In the base case $n = 1$, there are four solutions $(0, 0), (3, 1), (3, 4), (4, 0)$. The problem with Hensel's lemma in the multivariate case seems to be, if you lift your root to a higher prime power, you can no longer be sure this new root is unique. So instead I figured for every root, I'd fix each variable separately, and consider the univariate problem in the other respective variable. From this I derived the following results:
- $(0, 0)$ doesn't have higher power solutions by fixing either variable.
- $(3, 1)$ has a unique higher power solution by fixing either variable.
- $(3, 4)$ has a unique higher power solution by fixing either variable.
- $(4, 0)$ has a unique higher power solution by fixing the second variable.
However I have no clue how to further deduce the amount of solutions apart from these implicit ones.

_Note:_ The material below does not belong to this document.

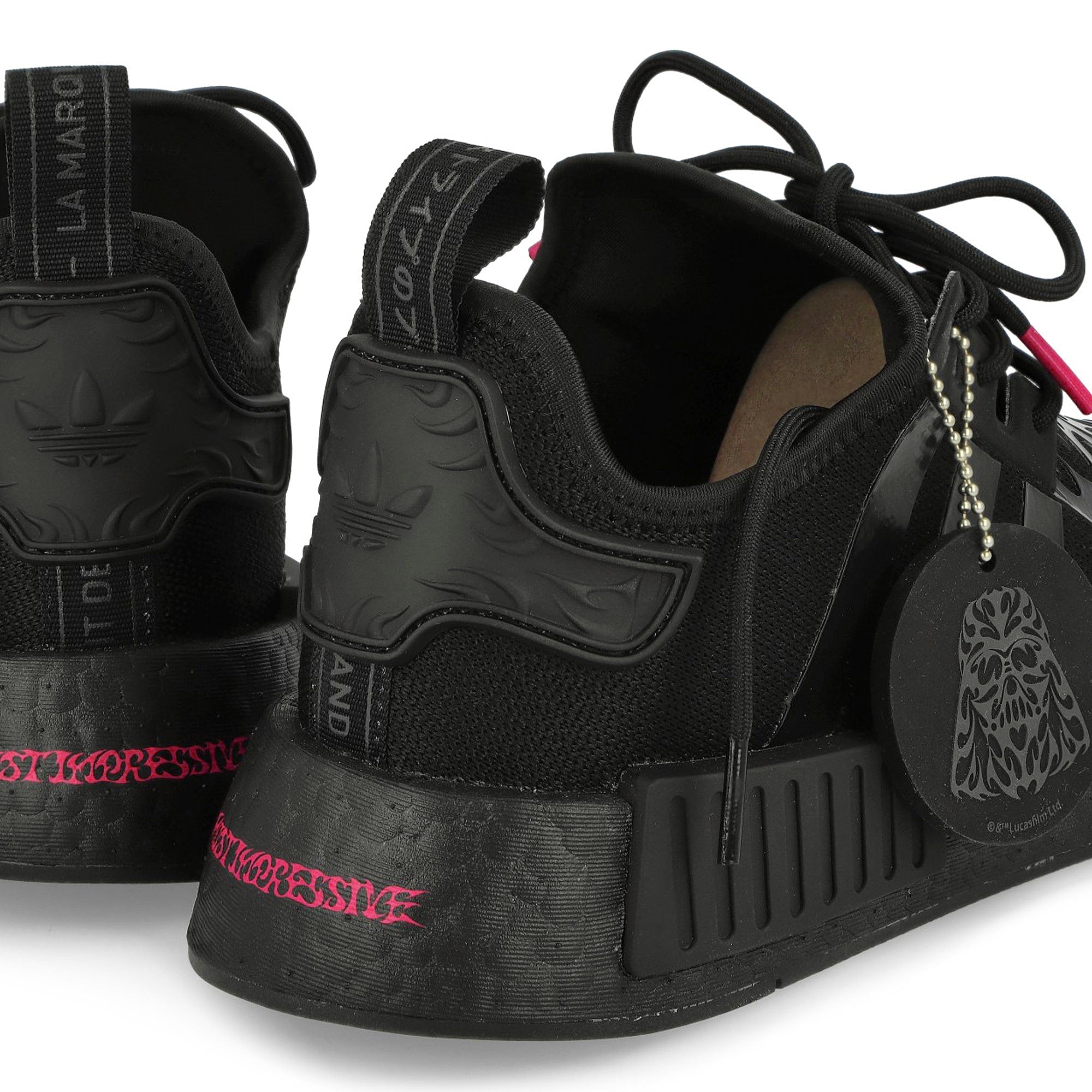adidas Star Wars x Nanzuka x adidas NMD R1 Darth Vader Core Black / Core Black Low Top Sneakers Detailfoto | Overkill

Just to get an idea of where I was headed I computed all solutions in the case $n = 2$. This way I did notice there are patterns in the solutions:
- $(0, 0)$ mod $5$, there are no corresponding solutions mod $25$.
- $(3, 1)$ mod $5$, the solutions are $(3 + 5k, 21 – 5k)$ mod $25$ for each $k$.
- $(3, 4)$ mod $5$, the solutions are $(3 + 5k, 4 + 5k)$ mod $25$ for each $k$.
- $(4, 0)$ mod $5$, the solutions are $(19, 5k)$ mod $25$ for each $k$.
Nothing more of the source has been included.